То ли дело ребенок! С ним связаны чувства куда более сильные. Прежде чем решиться, она тщательно обдумает каждый шаг. Нужно выбрать мужчину. Удивительно! Но на свете нет мужчины, от кого б она хотела родить. От Микаэлиса? Бр-р! Подумать-то страшно. Скорей она от кролика родит! От Томми Дьюкса? Он очень хорош собой, но трудно представить его отцом, продолжателем рода. Томми — словно замкнутый сосуд. А из остальных довольно многочисленных знакомцев Клиффорда всякий вызывал отвращение, стоило ей подумать об отцовстве. Кое-кого она, пожалуй, взяла бы в любовники, даже Мика. Но родить ребенка?! Ни за что! Унизительно и омерзительно!
И от этого никуда не уйдешь!
Все ж в уголке души Конни лелеяла мысль, о ребенке. Терпение, терпение! Как через сито просеет она мужчин, и старых, и молодых, пока, наконец, найдет подходящего.
«Обыдите пути Иерусалимские и воззрите, и познайте, и поищите на стогнах его, аще обрящете мужа…»[5] В Иерусалиме при Иисусе Христе невозможно было найти мужчину среди многих и многих тысяч. Но у нее-то запросы меньше. C'est une autre chose, совсем другое дело!

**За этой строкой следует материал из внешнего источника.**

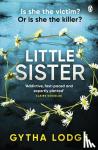 Lodge, Gytha - Little Sister - Is she witness, victim or killer? A nail-biting thriller with twists you'll never see coming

Ей подумалось даже, что он непременно будет иностранцем, не англичанином, и уж конечно не ирландцем. Настоящий иностранец!

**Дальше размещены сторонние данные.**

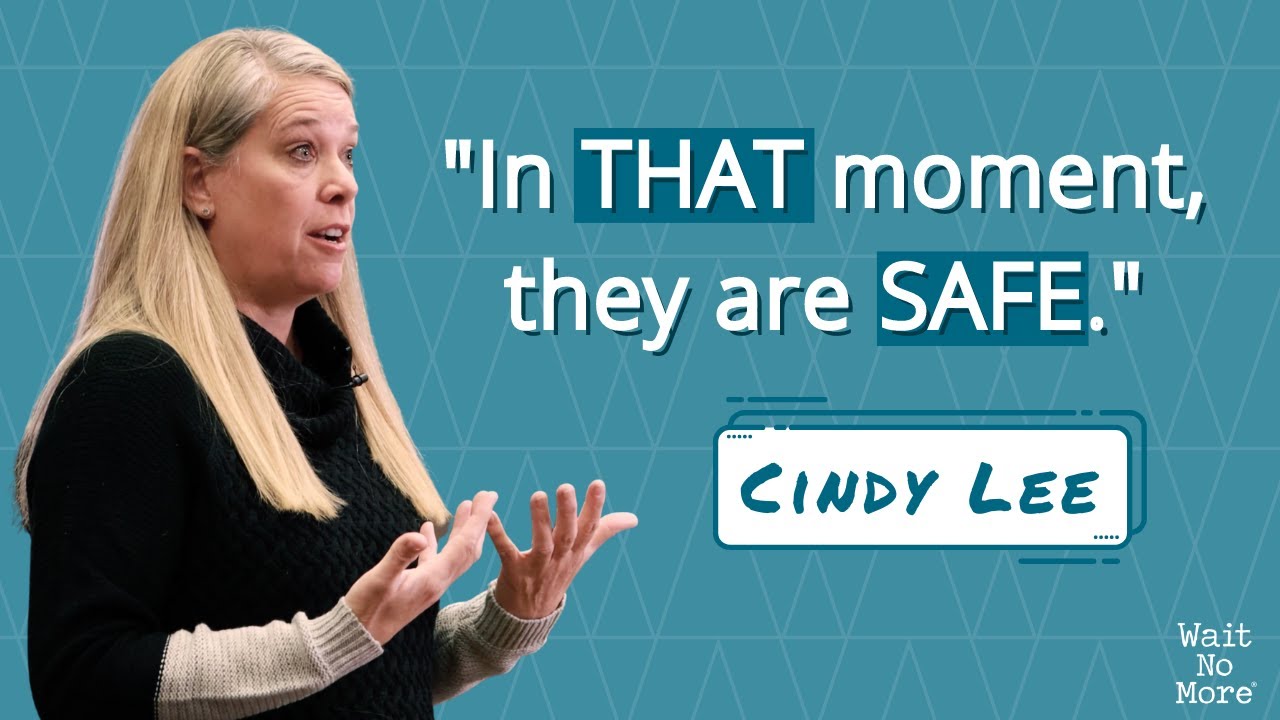 "In that moment they are safe."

Нужно терпение, и только терпение. Будущей зимой она увезет Клиффорда в Лондон, а еще через год отправит его на юг Франции или Италии. Главное — терпение! Торопиться с ребенком не следует. Дело это ее, и только ее, единственное, что в глубине своей причудливой женской души она считала важным. Уж она-то не польстится на случайного мужчину! Любовника найти можно в любую минуту, а вот отца будущего ребенка… нет, тут нужно терпение и еще раз терпение! Цели столь разнятся! «Обыдите пути Иерусалимские»… Но она ищет не любовь, а всего лишь мужчину. И относись она к нему хоть с неприязнью — неважно. Главное, чтоб это был мужчина, а отношение — дело десятое! Оно затрагивает совсем иные струнки души.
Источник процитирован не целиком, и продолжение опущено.